Gearing Up for Vermont: My First Vermont Winter
A few months ago, I was headed into my very first Vermont winter, and I was nervous. I grew up in California where winters are an entirely different thing. The weather changes slightly (I’d say it gets crisper, not quite colder), but mostly, we pray for rain that rarely comes. For the most part, I comfortably survived the season with my Mom’s old Better Sweater, one good pair of wool socks, and the occasional rain shell.
This year, in the months approaching winter, I had a number of conversations with Vermonters who spoke of the snow and the cold with endearing reverence. They recalled epic adventures in the Green Mountains in sub-freezing temperatures with fierce wind chills, and I would grimace behind my mask. Whenever I voiced my skepticism, I was enthusiastically reminded about the importance of proper gear. I came to understand that with the right layering of the right gear and a good attitude, even I, a scared and stubborn Californian, could learn to thrive in a Vermont winter. I set out to upgrade my wardrobe, and did so with a few principles in mind.
The gear I wanted needed to be versatile, durable, effective, responsibly produced and repairable.
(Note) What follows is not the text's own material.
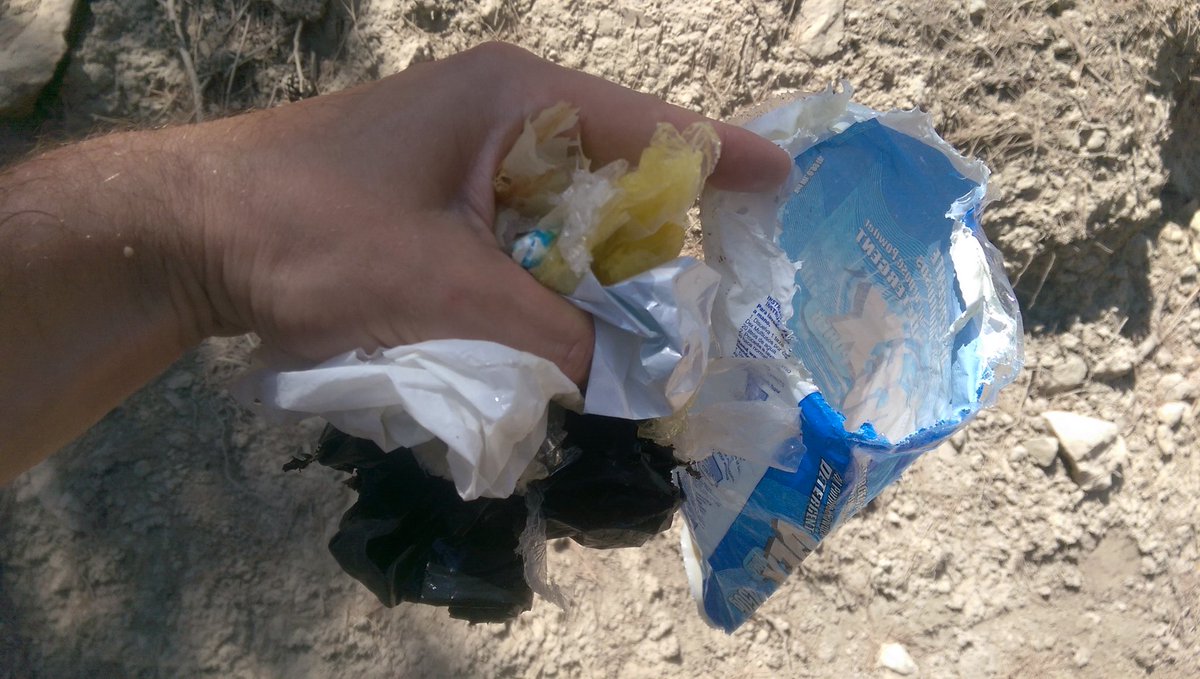 x7557x's tweet image. upside of plastic waste, can be its own packaging #selfreference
Fortunately, most everything we stock at Patagonia Burlington meets that criteria. I did my research, talked with my coworkers, and went into winter with a few critical garments that have exponentially improved my quality of life.
Patagonia's New Campaign: "Buy Less, Demand More."
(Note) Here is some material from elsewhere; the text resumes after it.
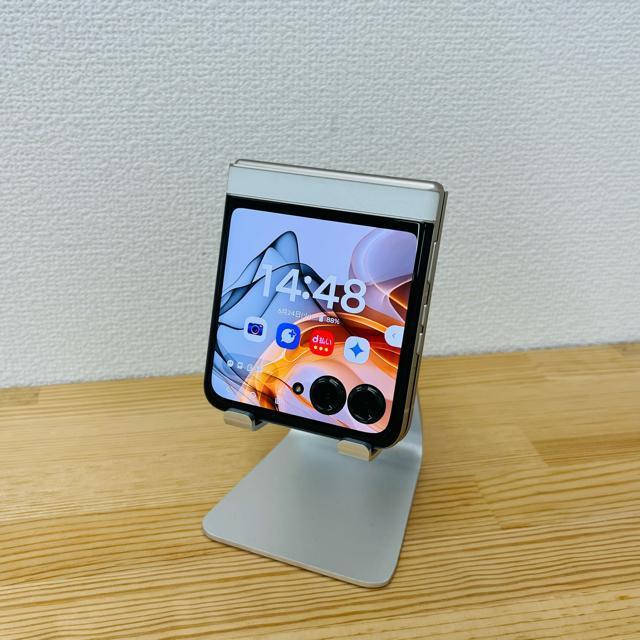 S 100% motorola razr 50d M-51E 256 GB 本体 < 家電/AV S 100% motorola razr 50d M-51E 256 GB 本体 < 家電/AVの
This fall, around the same time that I was winter-prepping, Patagonia announced a new campaign: "Buy Less, Demand More.", and it blew me away. The campaign aligned with the same principles that guided me through acquiring winter gear; "Buy Less, Demand More." calls for consumers to purchase sustainable, multi-functional, and enduring products with the broad goal of achieving corporate accountability in the industry and of doing work to manage environmental impact.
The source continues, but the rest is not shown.